MANILA - A clinical pathologist or someone with the right expertise should look into deaths suspected to be related to the controversial dengue vaccine Dengvaxia, Justice Secretary Vitaliano Aguirre II said Wednesday.
Aguirre said such expert would be necessary to finally determine whether or not there is a link between the vaccine and the deaths of those given anti-dengue shots.
The official said he would discuss the matter in a meeting with President Rodrigo Duterte and other government officials on the dengue vaccine scare on Thursday.
“I am going to emphasize that we need a clinical pathologist or an expert on this matter. It need not be a Filipino, it could come from abroad who can establish definitely the linkage between Dengvaxia and the death or injuries suffered by these children,” Aguirre told reporters on Wednesday.
The Department of Health stopped the administration of Dengvaxia last year after its manufacturer, Sanofi Pasteur, said it might increase the risk of severe dengue among those immunized who have not yet contracted the mosquito-borne disease.
The House of Representatives is investigating the vaccine mess as 830,000 inoculated school children in the massive vaccination drive continue to be monitored.
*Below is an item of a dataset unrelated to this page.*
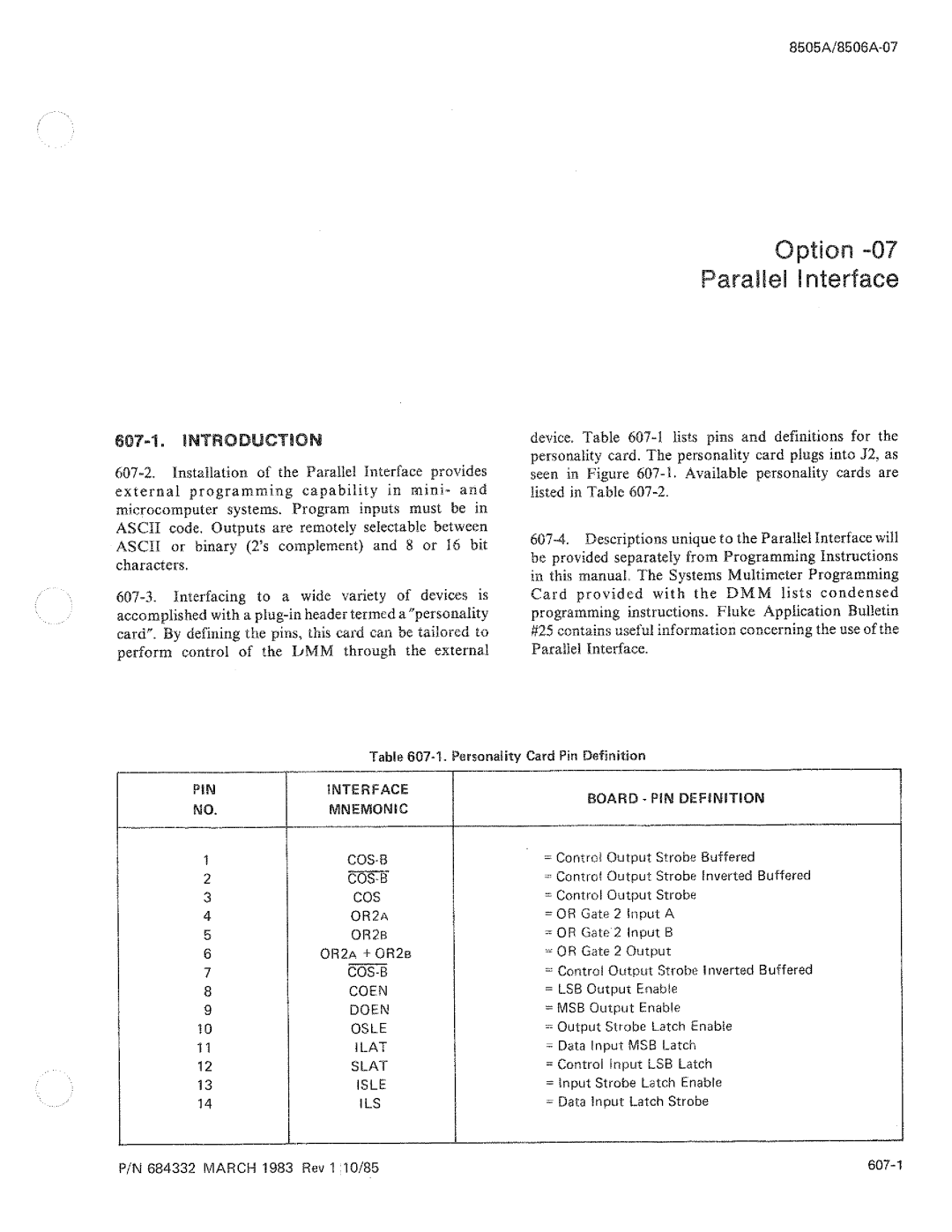 Fluke 8506A manual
The Senate earlier held hearings on the state immunization program.
In the meantime, Aguirre said the Public Attorney’s Office (PAO), an agency under the justice department, would continue to exhume and conduct autopsies on suspected Dengvaxia deaths.
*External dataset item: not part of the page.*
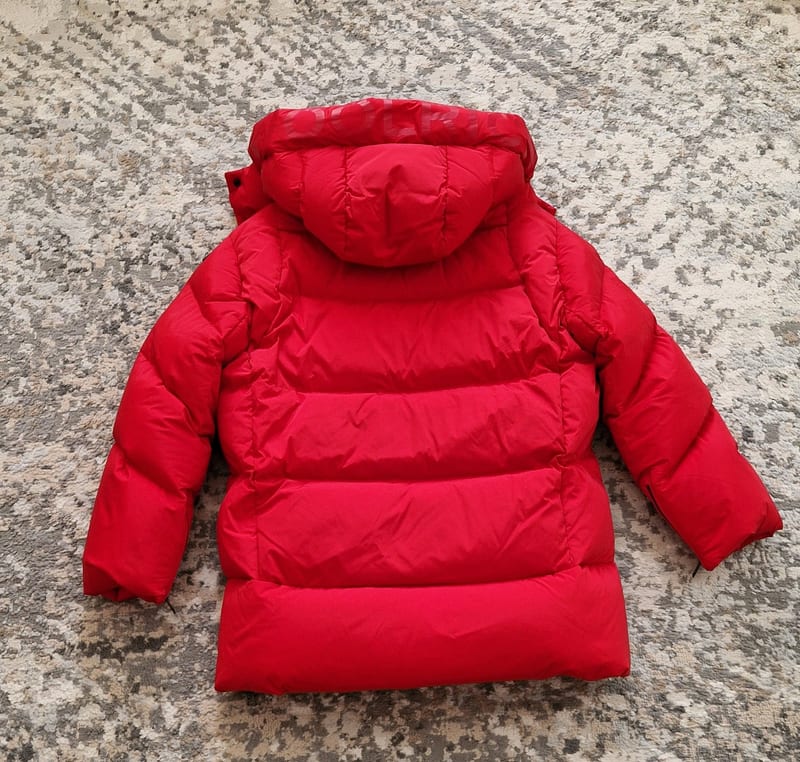 Damen Daunenjacke von Woolrich – Größe XS – Rot – Bild 8 von 8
He doused the call of the Doctors for Public Welfare (DPW), led by former Health Secretary Esperanza Cabral, for the Department of Justice to order its attached agency to cease the autopsies because it is not qualified to do so.
Aguirre said the remains already examined by PAO may be re-exhumed to verify findings of the agency’s forensics laboratory.
PAO chief Persida Acosta has maintained there was a “pattern” related to Dengvaxia in the deaths of at least 5 children exhumed and examined at the agency's forensics laboratory.
Sanofi Pasteur, meanwhile, has insisted on the efficacy of Dengvaxia, telling the House hearing on Monday that “the data remains quite clear that in absolute terms, dengue vaccination in the Philippines will provide a net reduction in dengue disease, including severe dengue, and thereby reduce the overall public health burden associated with this disease.”